Bridge in Pennsylvania and New Jersey

The Interstate 78 Toll Bridge (I-78 Toll Bridge) carries Interstate 78 across the Delaware River between Williams Township, Pennsylvania, and Phillipsburg, New Jersey, in the Lehigh Valley region of eastern Pennsylvania and western New Jersey in the United States. The bridge opened on November 21, 1989, and is operated by the Delaware River Joint Toll Bridge Commission (DRJTBC). As of 2008, the bridge carried an average of 56,100 vehicles daily.

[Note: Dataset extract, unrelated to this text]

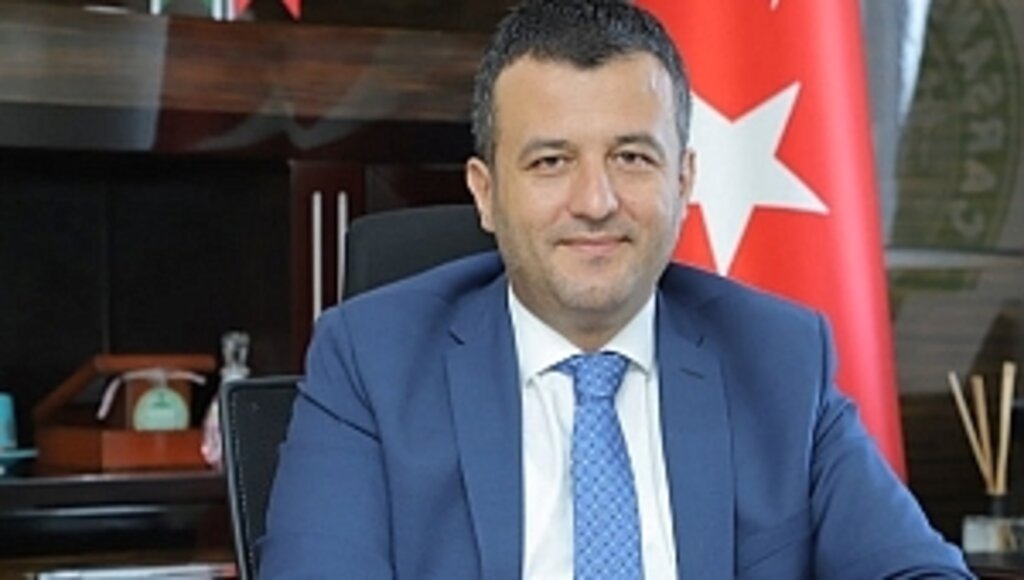 Bayramımızı Zorunlu Olarak Evlerimizde Geçireceğiz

The span has an overall length of 1,222 ft and is a twin four girder span. A toll is charged only for traffic heading west into Pennsylvania. The toll plaza has four conventional lanes and two Express E-ZPass lanes. Just after the toll plaza is the Pennsylvania Welcome Center.

The jurisdiction of the DRJTBC for the bridge extends between the first interchange on either side of the bridge, which includes 2.2 mi west along I-78 to just west of exit 75 in Pennsylvania and 4.2 mi east in New Jersey to exit 3.

==Tolls==
Tolls on the Interstate 78 Toll Bridge are incurred only by motorists leaving New Jersey and entering Pennsylvania. There is no toll for those leaving Pennsylvania and entering New Jersey. On January 7, 2024, tolls on the I-78 Toll Bridge increased to $1.50 for motorists entering Pennsylvania with E-ZPass and $3.00 for motorists entering Pennsylvania without E-ZPass.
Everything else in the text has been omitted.